A gradual reduction of experience
The dream of existence is a mental process. The mental process creates the dream. Therefore to awaken is to become aware of this mental process. To become aware of the mental process we must stand out of the mental process. This standing out is a gradual reduction of experience.
We have already pointed out that the meaning of the term “ecstasy,” as we use it, means standing out (ec = out; stasy = standing). It is through a process of standing out that a gradual reduction of experience takes place. To reduce experience is to stop mental activity. So in other words, what we are doing is a gradual stopping of mental activity. When one enters the first ecstasy, with the elimination of the five hindrances, and the appearance of the five Constituents of Ecstasy (jhānānga), one has come out of the “world of emotional activity” (kāma loka) and entered a state of tranquillity, which is the first ecstasy (paṭhamaη jhānaη) or standing out, or reduction of experience, or stopping of mental activity.
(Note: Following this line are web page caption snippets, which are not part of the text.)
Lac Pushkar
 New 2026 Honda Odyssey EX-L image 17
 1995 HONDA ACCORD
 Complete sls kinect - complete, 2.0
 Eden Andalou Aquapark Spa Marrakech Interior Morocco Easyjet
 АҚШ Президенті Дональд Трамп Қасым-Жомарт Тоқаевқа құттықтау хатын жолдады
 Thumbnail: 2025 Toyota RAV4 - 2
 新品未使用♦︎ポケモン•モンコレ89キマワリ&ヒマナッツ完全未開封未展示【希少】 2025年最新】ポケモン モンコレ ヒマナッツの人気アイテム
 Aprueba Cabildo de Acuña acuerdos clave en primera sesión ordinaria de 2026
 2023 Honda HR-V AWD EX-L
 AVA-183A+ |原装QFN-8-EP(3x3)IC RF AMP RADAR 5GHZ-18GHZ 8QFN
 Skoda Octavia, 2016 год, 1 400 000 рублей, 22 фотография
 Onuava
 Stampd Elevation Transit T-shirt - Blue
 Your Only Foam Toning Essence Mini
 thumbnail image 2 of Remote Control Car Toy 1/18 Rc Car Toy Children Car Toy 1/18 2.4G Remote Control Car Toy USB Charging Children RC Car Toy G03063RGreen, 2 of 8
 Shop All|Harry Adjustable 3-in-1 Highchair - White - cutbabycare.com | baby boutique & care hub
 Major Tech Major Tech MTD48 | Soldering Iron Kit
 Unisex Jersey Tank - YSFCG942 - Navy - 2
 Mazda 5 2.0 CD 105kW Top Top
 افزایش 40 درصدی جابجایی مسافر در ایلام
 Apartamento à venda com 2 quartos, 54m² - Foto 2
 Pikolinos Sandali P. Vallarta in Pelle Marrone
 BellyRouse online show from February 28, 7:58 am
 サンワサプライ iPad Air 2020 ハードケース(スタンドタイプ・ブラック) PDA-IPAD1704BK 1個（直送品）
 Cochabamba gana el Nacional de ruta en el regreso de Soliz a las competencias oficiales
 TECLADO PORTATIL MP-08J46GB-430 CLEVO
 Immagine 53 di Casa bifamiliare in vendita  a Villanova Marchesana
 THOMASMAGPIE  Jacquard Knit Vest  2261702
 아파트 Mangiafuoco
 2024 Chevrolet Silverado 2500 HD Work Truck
From there on, one can proceed further, by a gradual reduction of experience, into the other levels of ecstasy. Progress on the path depends on a gradual abandoning or standing out of the former level. What is called samādhi is a gradual reduction of experience. It is like climbing a flight of steps, where at every step forward, we abandon the former step. The first four ecstasies, or standing out, is a gradual reduction of the affective experience. Following is an enumeration of this gradual reduction of the constituents of experience, as one passes through the four ecstasies:
(1) First ecstasy (jhāna) includes:– inference (vitakka), inquiry (vicāra) (= conceptual thinking), serenity (pīti), comfort (sukha), stillness (ekaggatā)
(2) Second ecstasy (jhāna) includes:– serenity, comfort, stillness.
(3) Third ecstasy (jhāna) includes: – comfort, stillness
(4) Fourth ecstasy (jhāna) includes: – stillness, apperception (upekkhā) – (no breathing but respiration).